Your objective
Print out the full material below, exact in every line, with no images included.

Provided data
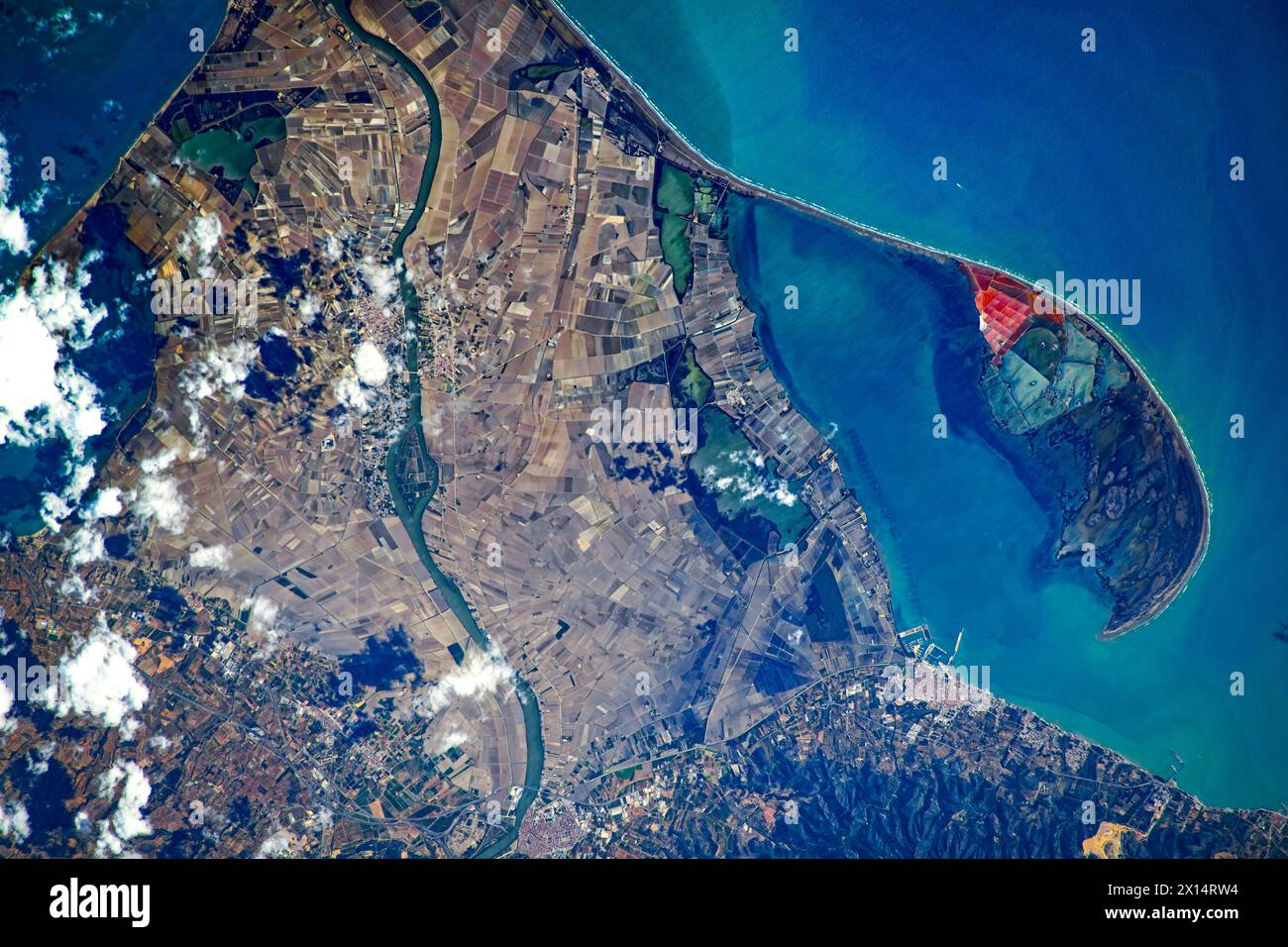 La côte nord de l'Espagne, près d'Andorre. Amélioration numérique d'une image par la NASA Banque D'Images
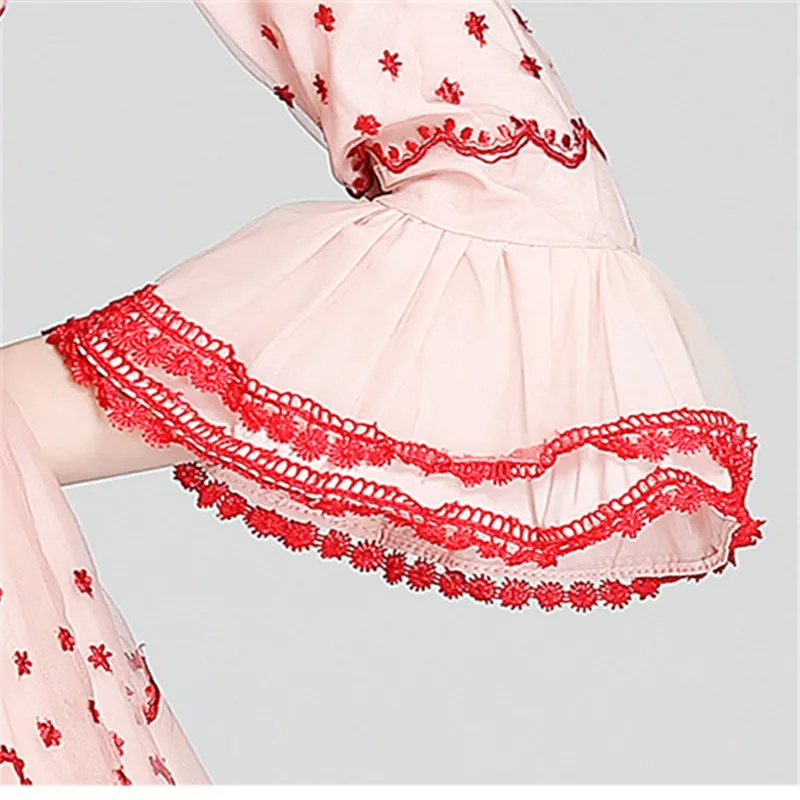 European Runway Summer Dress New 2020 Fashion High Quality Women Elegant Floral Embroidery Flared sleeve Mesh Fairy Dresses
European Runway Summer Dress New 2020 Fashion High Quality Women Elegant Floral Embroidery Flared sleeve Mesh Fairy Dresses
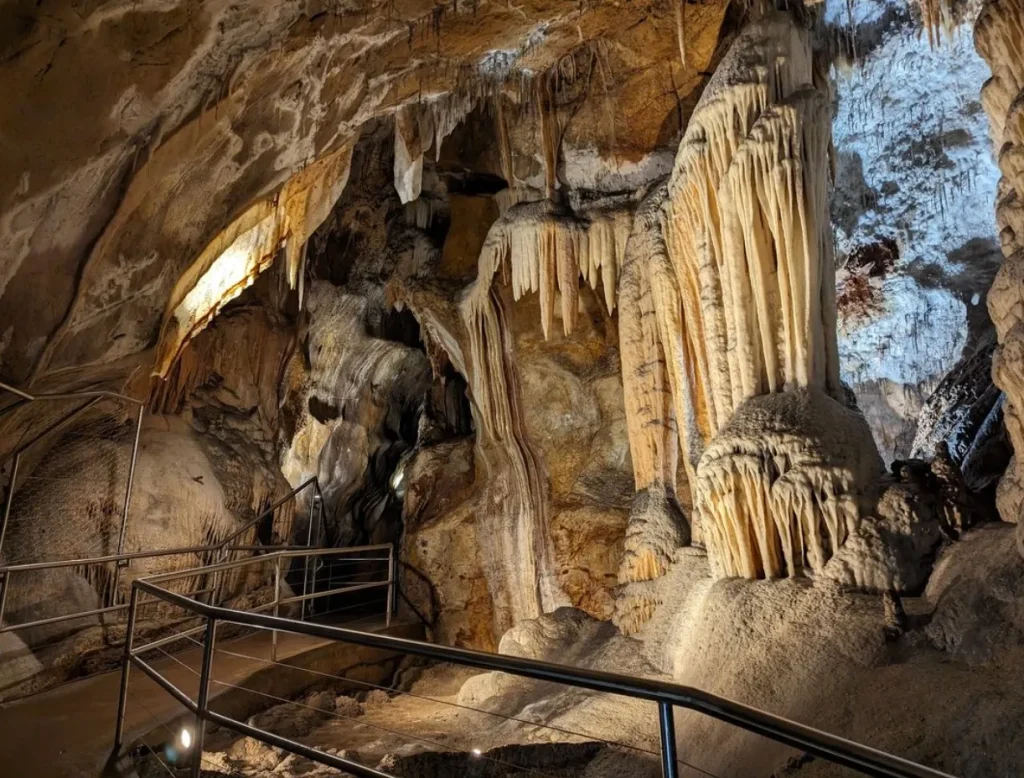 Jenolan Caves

Problem solution
 La côte nord de l'Espagne, près d'Andorre. Amélioration numérique d'une image par la NASA Banque D'Images
 European Runway Summer Dress New 2020 Fashion High Quality Women Elegant Floral Embroidery Flared sleeve Mesh Fairy Dresses
European Runway Summer Dress New 2020 Fashion High Quality Women Elegant Floral Embroidery Flared sleeve Mesh Fairy Dresses
 Jenolan Caves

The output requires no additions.